Immunotherapy is a type of cancer treatment that uses the patient’s immune system to fight the cancer. When effectively conducted it can lead to long-term survival of the cancer patient. Cancer immunotherapy is driven by the body’s ability to have immune responses driven by tumour cell antigen-specific, T lymphocytes, that recognize and degrade tumour cells. The main reason why a cancer patient’s T cells can’t typically destroy these tumour cells is due to the immunosuppressive microenvironment that tumours form around themselves by suppressing their antigen expression. Cancer cells also take advantage of immune checkpoints in the body that are intended to hinder serious immune responses to avoid detection. However, this new study seems to have come up with a new form of ICB cancer immunotherapy that can effectively counter cancer cell deception tactics.

Immune checkpoint blockade (ICB) is a type of immunotherapy that is currently used to bypass this system to allow T cells more opportunities to destroy cancer cells. Type 1 conventional dendritic cells (cDC1s) are also important for ICB therapy since they have vital functions in the recruitment and activation of T cells. Researchers discovered that it is possible to effectively reprogram tumour cells using specific transcription factors to resemble cDC1s while remaining in the tumour’s microenvironment to teach the immune system to have an immune response when it sees these tumour cells

This figure briefly explains the cellular mechanisms being targeted by this immunotherapy. The reprogrammed cDC1-like cell is used to promote T-cell recruitment and activation which can destroy tumour cells (Ervin Ascic et al.).

By delivering transcription factors PU.1, IRF8, and BATF3 (PIB) the researchers were able to enable tumour cells to resemble cDC1s and present specific antigens. They specifically chose PIB which had been shown to directly reprogram tumour cells into antigen-presenting cDC1-like cells in vitro within 9 days, according to past studies.

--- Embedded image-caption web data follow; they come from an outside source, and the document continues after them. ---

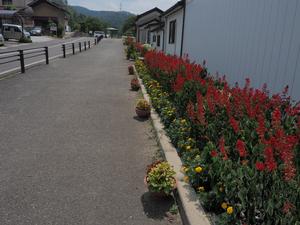 老人クラブ一六会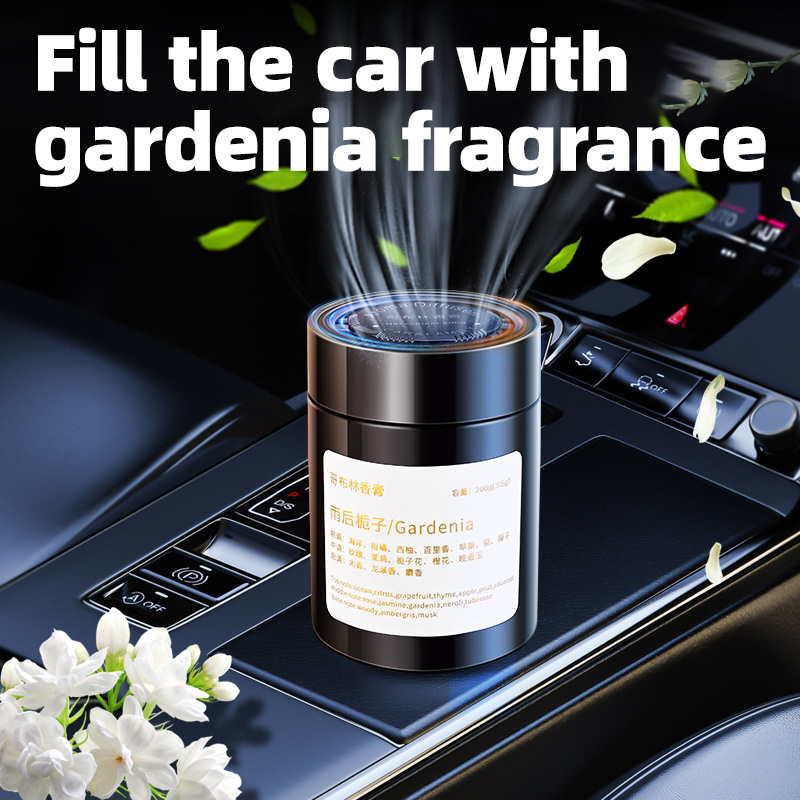 Car Air Freshener, New Model I - đánh giá và giá Home Fragrance Verbena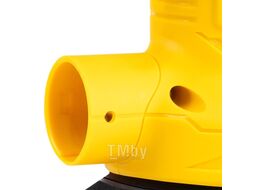 Эксцентриковая шлифмашина KOS 300-125V Kolner 8030700576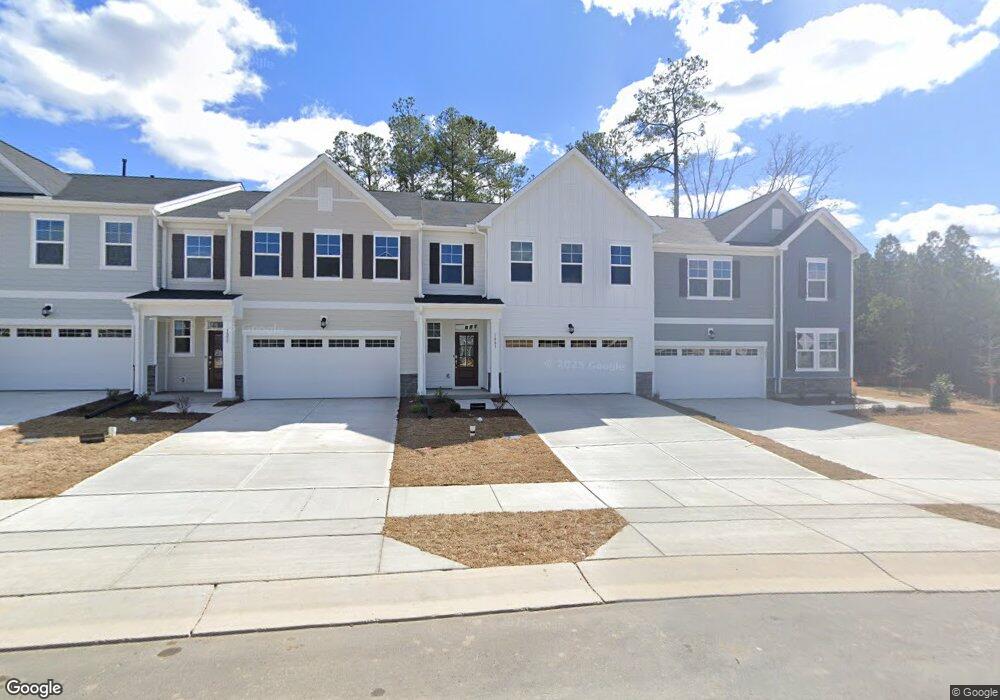 1861 Sweet Gardenia Way, Apex, NC 27502 - photo 1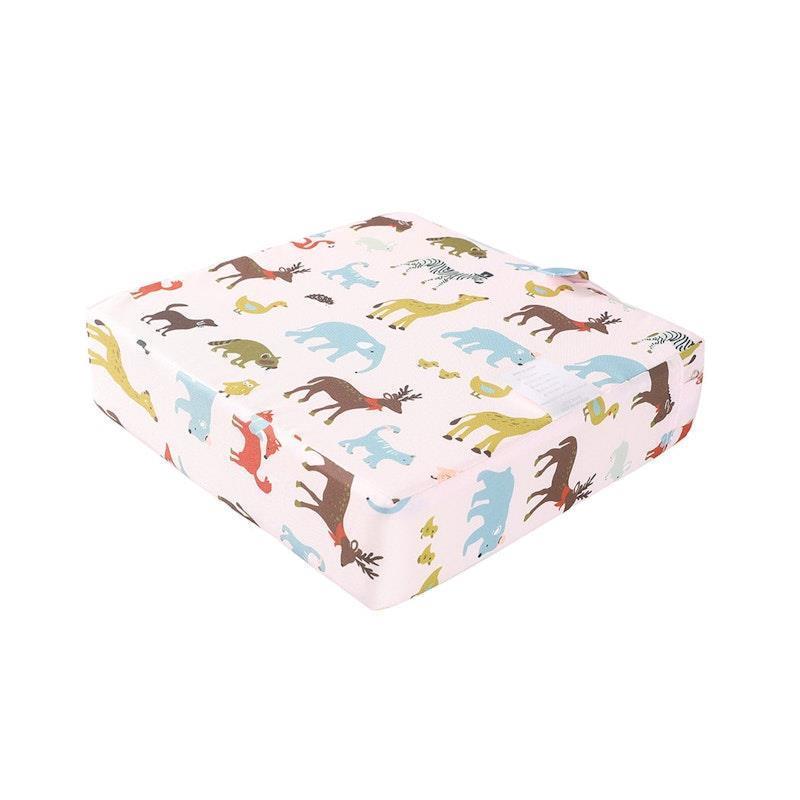 Load image into Gallery viewer, TradeRightGroup Kid Chair Cushion High Seat Pad Baby Infant Safe Booster Toddler Dinning Cushion Pink
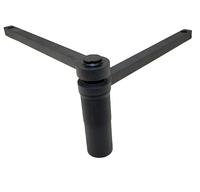 Extracteur/installateur de goujons à ressort en acier au carbone XINHAN F2098, fonctionnement facile, garantie de 18 mois pour Volvo FM 12, cabine de camion lourd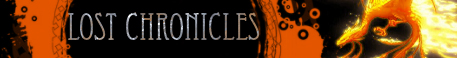 LostChronicles Kalonline PServer Banner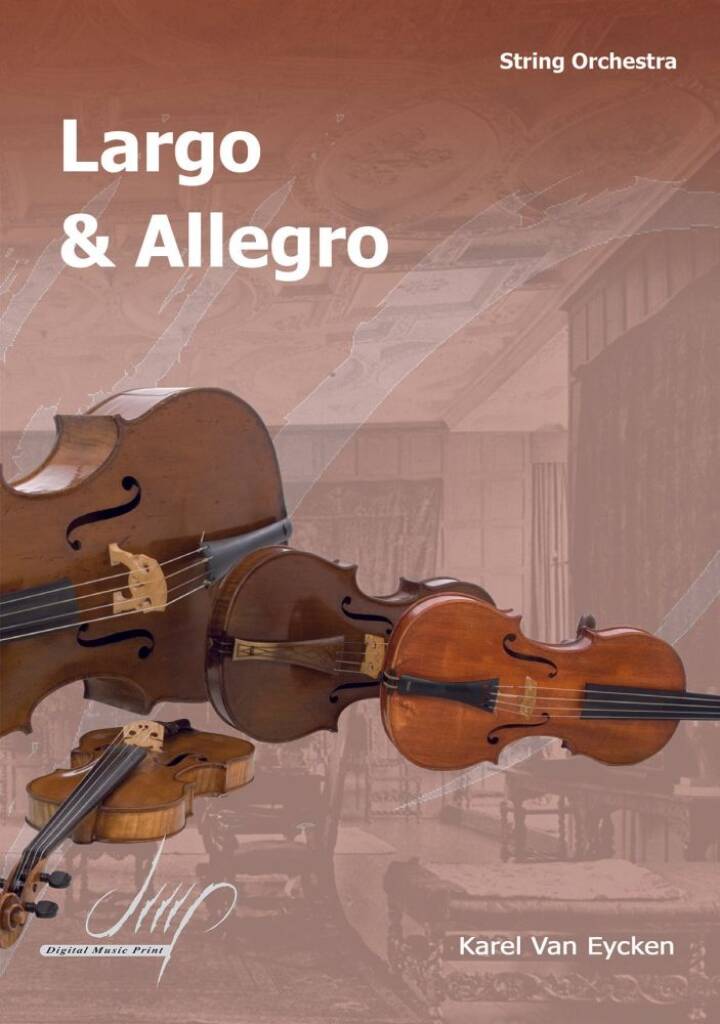 Largo & Allegro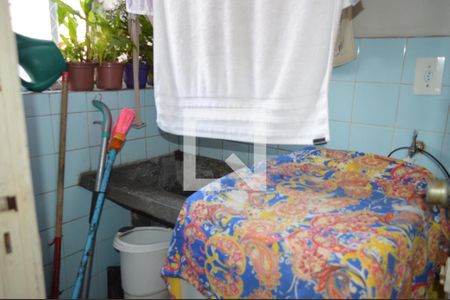 Apartamento para alugar com 90m², 2 quartos e 1 vagaÁrea de Serviço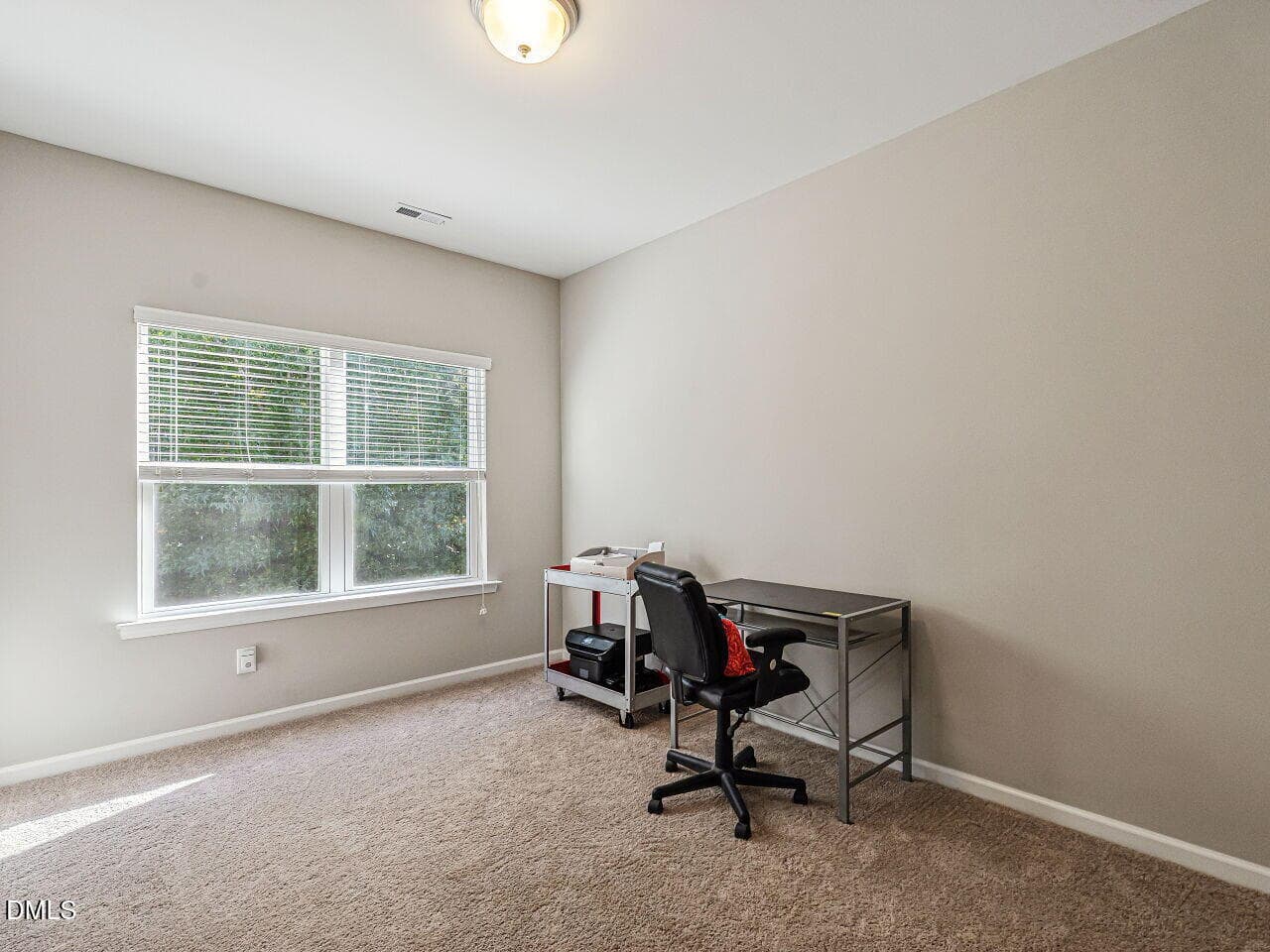 Office/Flex Room - 64 Creststone Court, Clayton, NC 27527, Clayton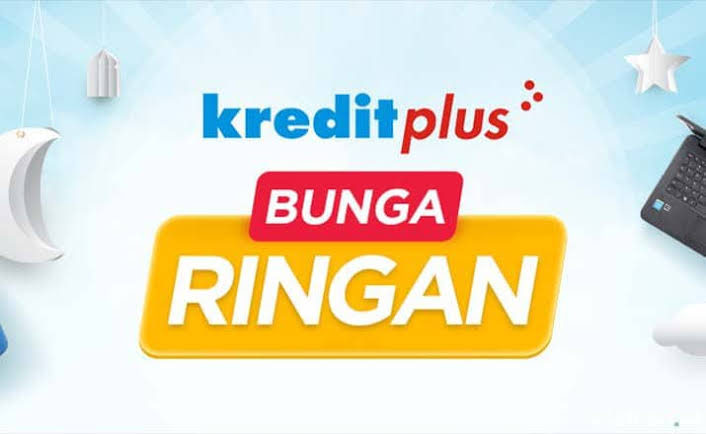 Mudahnya Ajukan Pinjaman di Pinjol Kredit Plus, Limit Awal Tinggi Bunga Bersaing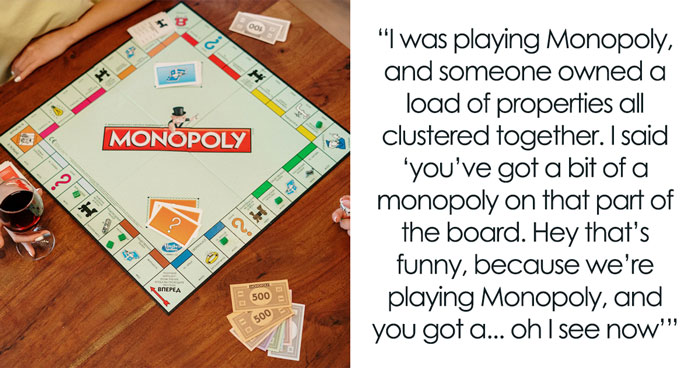 35 Facts That Don’t Need A Lot Of Knowledge To Grasp, But Folks Online Only Recently Realized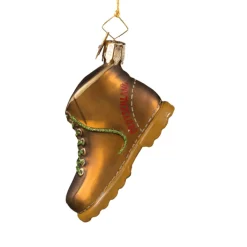 Poesie in Glas Wanderschuh Hot
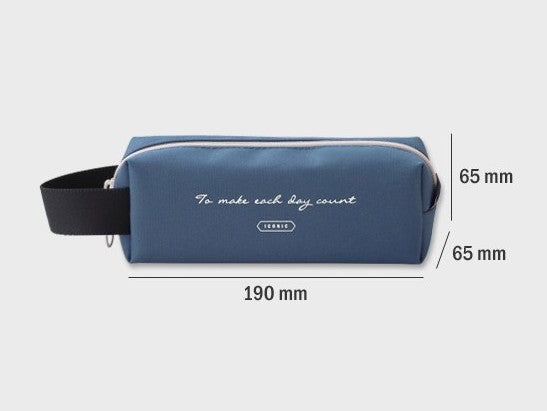 Piórnik ICONIC Plain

This research team prepared cultures of tumours as well as cells that had been modified to contain PIB using a method called transduction to see if they would be able to successfully reprogram them. When these mixtures had been incubated they had found that cDC1-like cells within tumours had formed and remodelled the tumour microenvironment. This caused the recruitment of T cells as well as other immune response reactions that led to cell regression.

What’s most impressive about this study was that they were able to achieve their desired results both in-vitro and in-vivo which can now be used as a preclinical proof-of-concept for a future tumour-specific immunotherapy. While there are certainly more steps to be taken to determine how to administer these therapies to humans in a clinical situation, this modified ICB therapy is certainly a game changer in cancer immunotherapy.